All Your Basedow Are Belong to Us

Most afternoons I go to the gym to to get a healthy dose of exercise and an unhealthy dose of daytime tv. They have six or seven sets on the wall, which means you can watch pretty much anything from “Fifth Wheel” to “Lou Dobbs Moneyline.” (Note: Watching C-Span while listening to the audio of Jerry Springer, or vice versa, is vastly more entertaining than watching either of the programs in their original forms.). The nadir of daytime tv, of course, is daytime tv advertising, a huge wasteland of Shady Characters Trying To Sell You Stuff You Obviously Don’t Need. Garlic choppers, 14-volume “Best of the 80’s” CD sets, liability lawyers — you know what I’m talkin’ about.

Of particular interest to the patrons of the gym are the endless ads for “Get Fit Fast!” schemes and paraphernalia . You can’t help but feel a sorry for some chump who would buy a geegaw in the hopes of losing twenty pounds in two weeks, when you yourself have lost half that amount by using the stationary bike every day for six months. And everyone in the lockerroom gets a big laugh out of those vibrating whatsits which, when strapped to your stomach, promise to melt away the fat like it’s a crayon on the dashboard of a Louisiana Hyundai.

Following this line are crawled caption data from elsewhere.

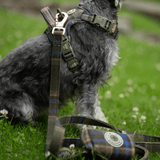 Trail & Glow - Dog Harness Bundle Set - Colour Drops - Mayfair Tweed - Bailey and Coco (UK)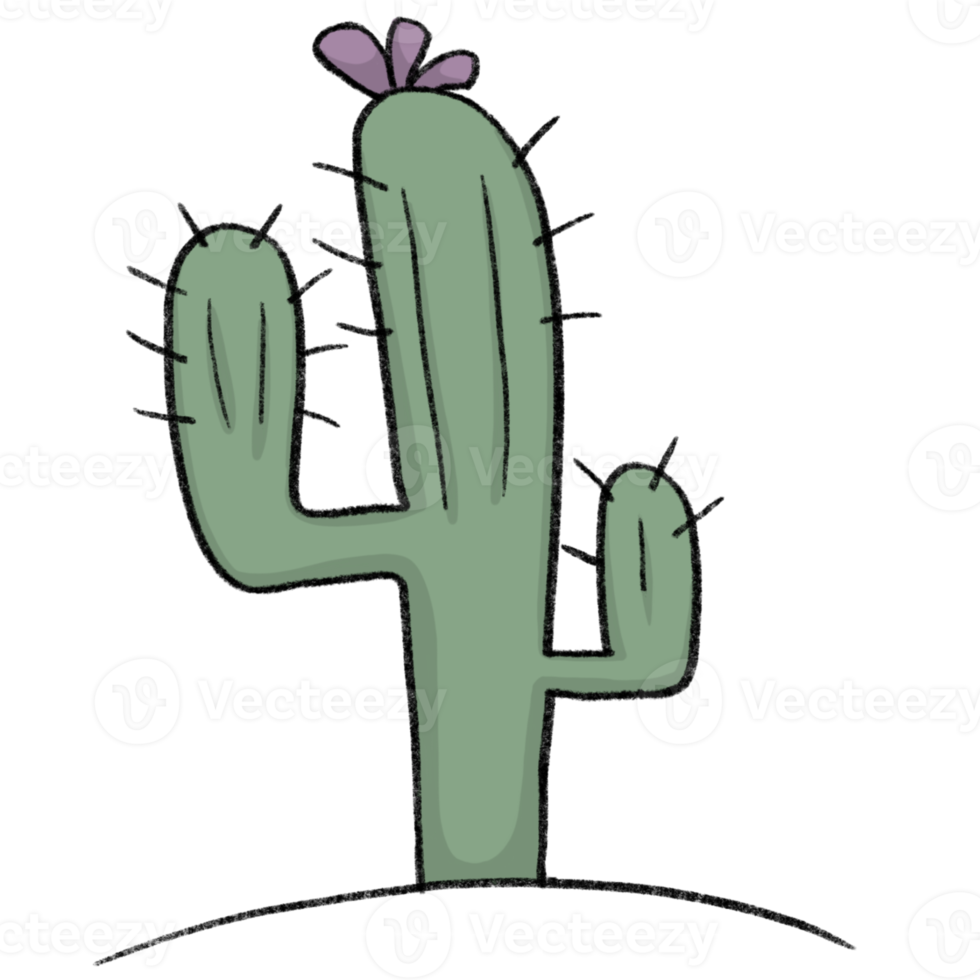 cactus - style de dessin au crayon de dessin animé d'animaux et de plantes dans le jardin dessin au crayon png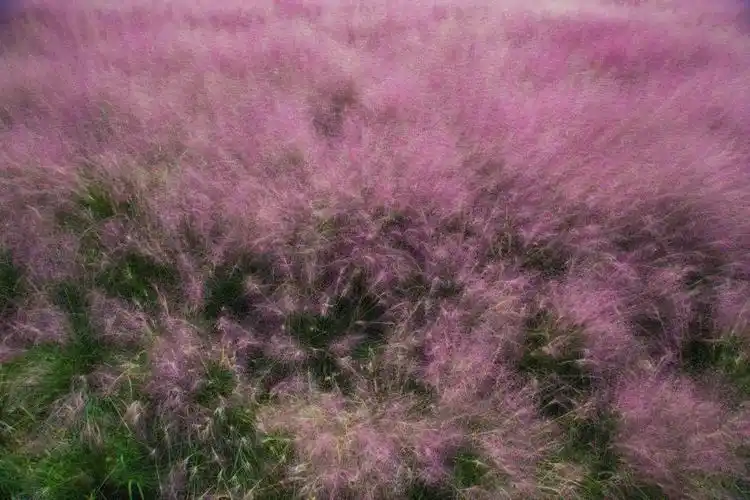如梦似幻这片3万平方米的粉黛乱子草花海开了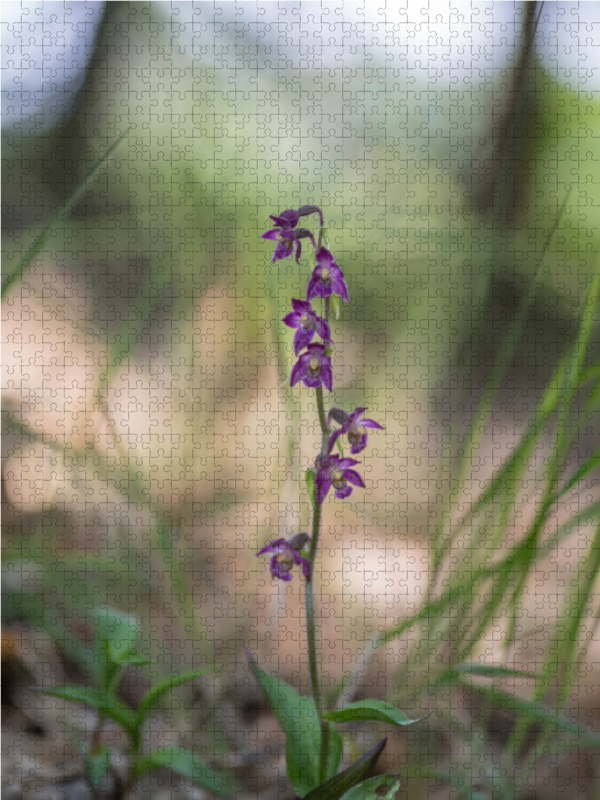 Rotbraune Stendelwurz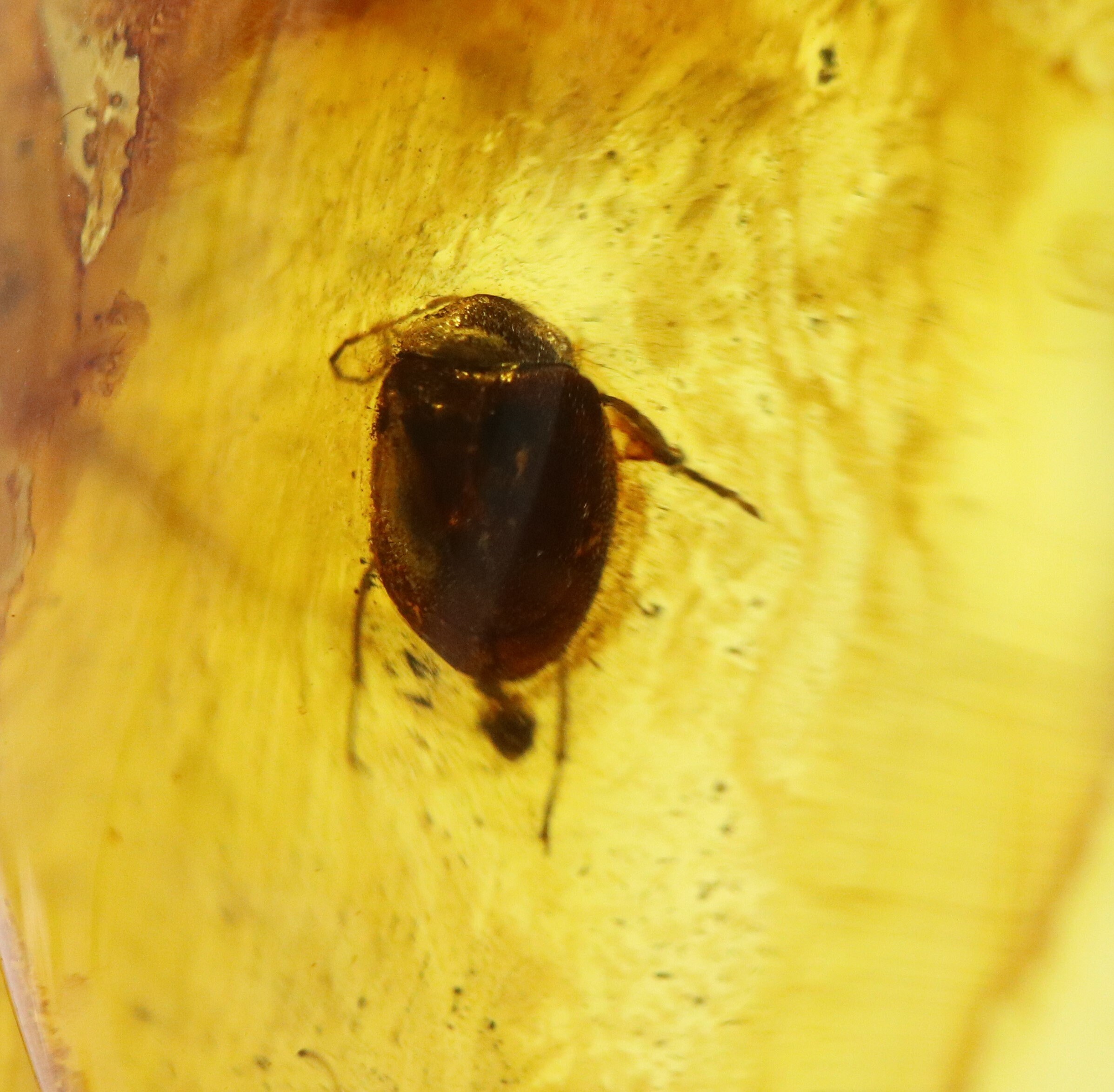 Amber With Rare Bug Insect Trapped for Million Years Fossil | Etsy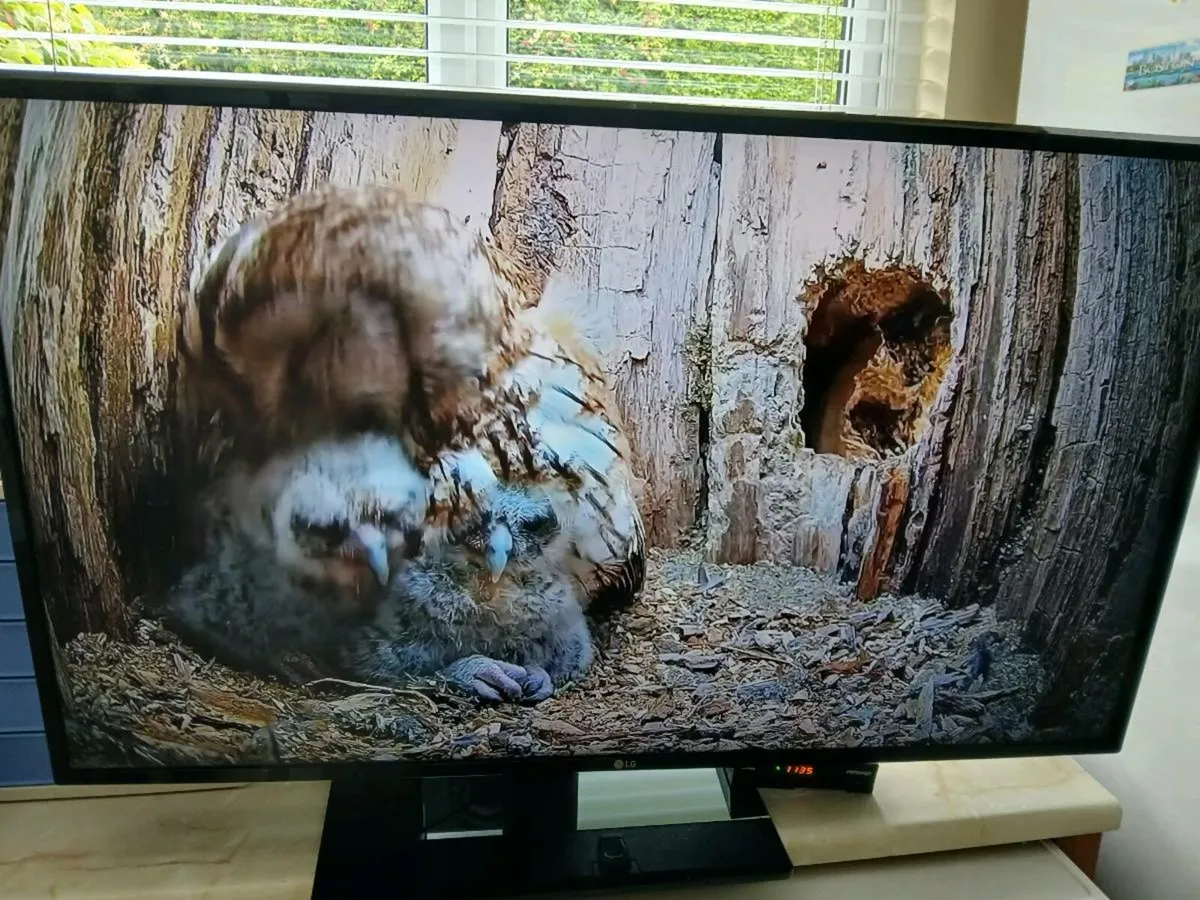 Lg 43 inch Smart hdmi 4k tv. - Image 4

But then there’s John Basedow. His commercials run all the time on every station, and they never fail to strike fear into the hearts of everyone in the midst of working out. The man looks, for all the world, like a living, breathing, poorly-done Photoshop job: the head of the class geek clumsily pasted onto the body of the class jock. He is a terror to behold. And whenever his visage appears on the television screens, you can almost hear people in the gym thinking “Good gravy! Am I going to look like that when I’m totally ripped?!,” as they set down their barbells and slowly back away from the Nautilus machine. Men stop in mid-sit-up and head to the showers, realizing that the ladies would prefer them with beer guts rather than looking like something Frakenstein stitched together from the corpses of Bob Saget and Rambo.

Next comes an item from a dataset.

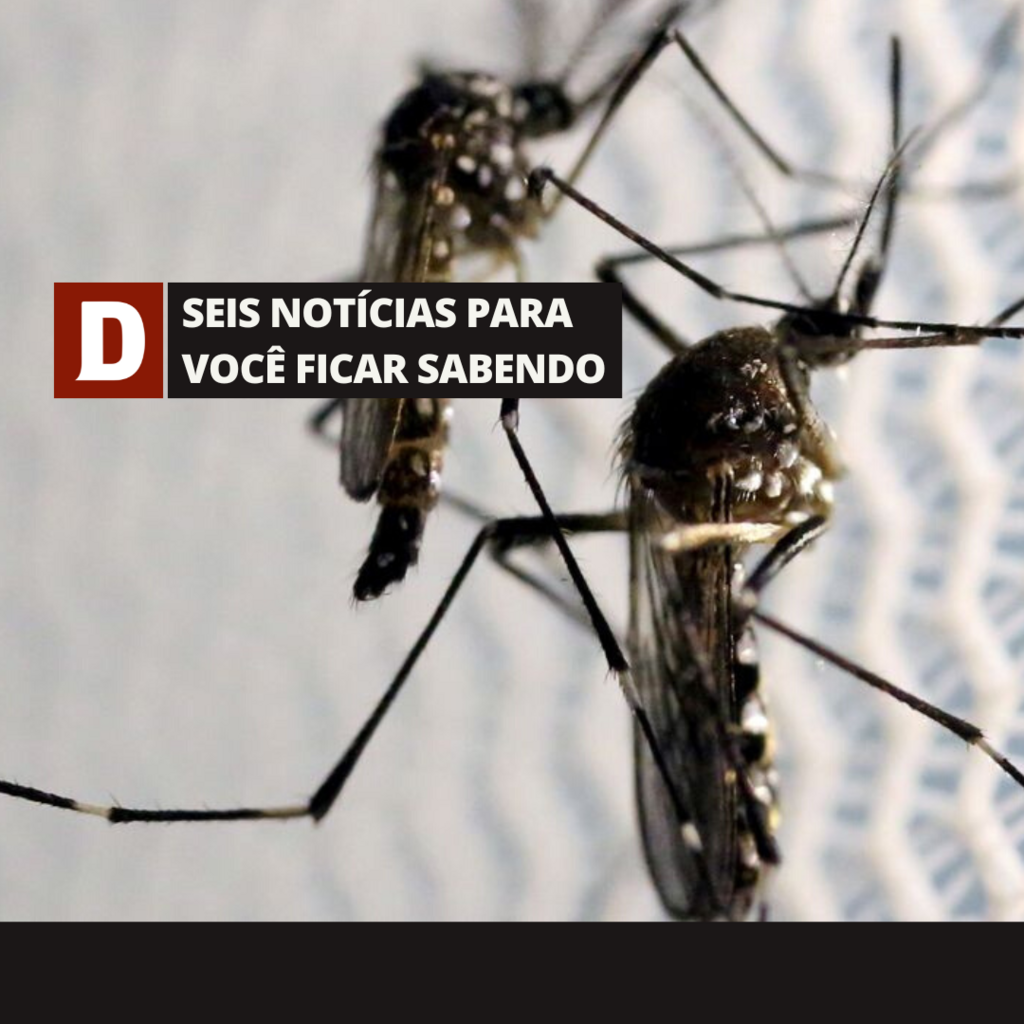 Santa Maria volta a registrar alto número de internações por suspeita de dengue e outras 5 notícias para você ficar sabendo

At the gym I frequent there is series of televisions mounted on the wall, so if you find running four miles to be insufficiently taxing you can also watch “Fifth Wheel”. All the programs have captioning at the bottom, allowing you to read the dialog as it’s being said. Noises and other non-verbal communications is shown in brackets, e.g., “I think, like, Terry is, y’know, totally hot and [giggles] like HOT!”

Today I saw an ad demonstrating a new X-box game called “Bloodquake.” During the entire commercial the caption read “[Sound of guns firing]”.

Catchy Name

I’m terrible with names, but I have no trouble remembering the name Enron . Maybe the origin of this moniker is trivial — the founder’s name being Karl Enron or something — but I like to imagine that, like many big corporations these days, the energy company let a cabal of marketing guys intentionally cook up a name that would be easy to say and impossible to forget. And it’s thanks to those guys that people like me, who know very little about the specifics of this boondoggle, can still say “What’s the name of that company, the one that imploded and implicated the Bush administration of all sorts of shady dealing? Oh yeah: Enron!”